It'd be nice if that were the case, but instead of doing that, the Orioles got very involved in free agency, went out and got J.J. Hardy, Derrek Lee, Mark Reynolds, Vladimir Guerrero, Justin Duchscherer and Kevin Gregg. Average age: 31.8.

They're not all old and I don't dislike all of the signings, but why the urgency? Why the apparently desperate need to compete now when they probably won't?
I encourage you to read the whole post. Swafford made some strong points, some of which have been brought up by other baseball analysts, and even O's fans themselves.

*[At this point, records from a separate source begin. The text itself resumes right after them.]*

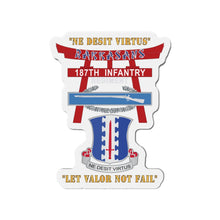 Load image into Gallery viewer, Die-Cut Magnets - Army - 187th Infantry Regiment - Torii, Rakkasans, Let Valor Not Fail, English, Latin w CIB X 300

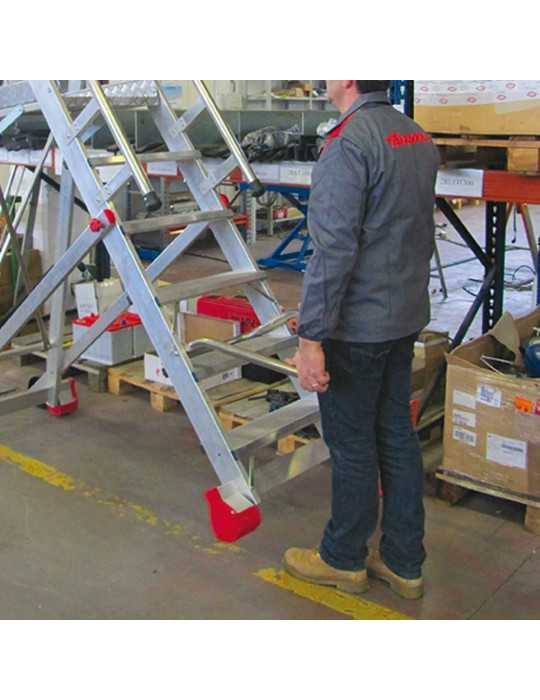 Escalera de almacén con plataforma, ruedas y estabilizadores de serie. 14 peldaños SMTS400 FARAONE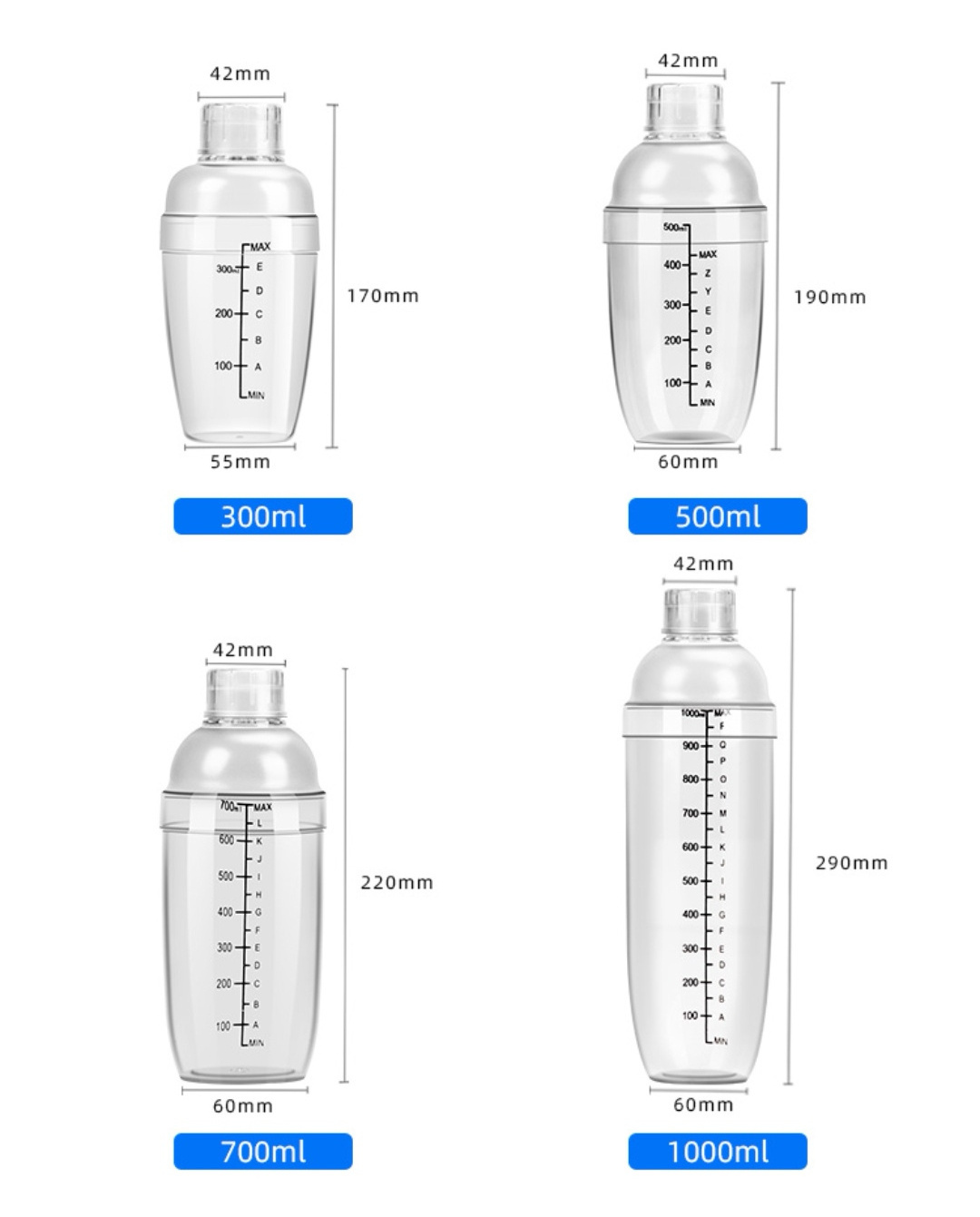 High quality Transparent Plastic Shake Cup with Scale Bubble Tea Equipment Bar Measuring Shaking Cup large capacity Shaker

But here are a few points before I get to my main problem with the piece:
  • Yes, the O's did sign or trade for all of those players listed above. Hardy, Lee, Guerrero, and Duchscherer are all signed to one-year deals. Gregg signed a two-year deal, and sure, that was far from the best signing. And Reynolds has a guaranteed deal through 2012, with a club option for 2013. I'm not arguing that all of those deals are fantastic and will definitely work out, but they hardly strain the organization's position financially like Carlos Lee's six-year, $100 million deal in 2007 with the Astros.
  • The O's did not trade away a bunch of young talent in an effort to get better overnight. The best player the O's traded, David Hernandez, is a reliever. Kam Mickolio and Jim Hoey are also relievers who either couldn't stay healthy or simply weren't very effective (or both), and Brett Jacobson, another reliever, is 24 and hasn't played above Single A. Those players -- four relievers -- still have some value, but not a ton of upside. So it's not like the O's took an enormous gamble or anything on Reynolds or Hardy.
  • No one thinks the O's are going to the World Series. Even the most optimistic fans would be thrilled with third place -- not that that's the ultimate goal (it's obviously not), but still. It's possible that Andy MacPhail made a few of the team's moves (like the Guerrero signing) to improve the team in the short term, which would be unfortunate. But even someone like Guerrero could possibly be flipped at the trade deadline for a younger player or two, as could several other veterans.
Really, though, my problem is with Swafford's thinking that many of these signed players are blocking MLB-ready talent. To me, there are only two cases where that applies:

1) Guerrero, who's signing may block Felix Pie/Nolan Reimold
2) Duchscherer, who may force Chris Tillman (or another young starter) back to Triple A

That's it. Reynolds, Hardy, and Lee are not blocking anyone in the infield. Josh Bell has recently been working out at first base, but he showed last season that he's not close to being ready to assuming any kind of everyday role. Brandon Snyder probably isn't ready either, if he ever will be. With Guerrero serving as the O's designated hitter, Luke Scott will move to left field, which will likely force Pie and Reimold to either the bench or the minors. It would be nice to see both get regular playing time, so in that sense, Guerrero does seem to be blocking them. But, as I've mentioned before, Pie is 26 and Reimold is 27; we're not talking about young up-and-comers here.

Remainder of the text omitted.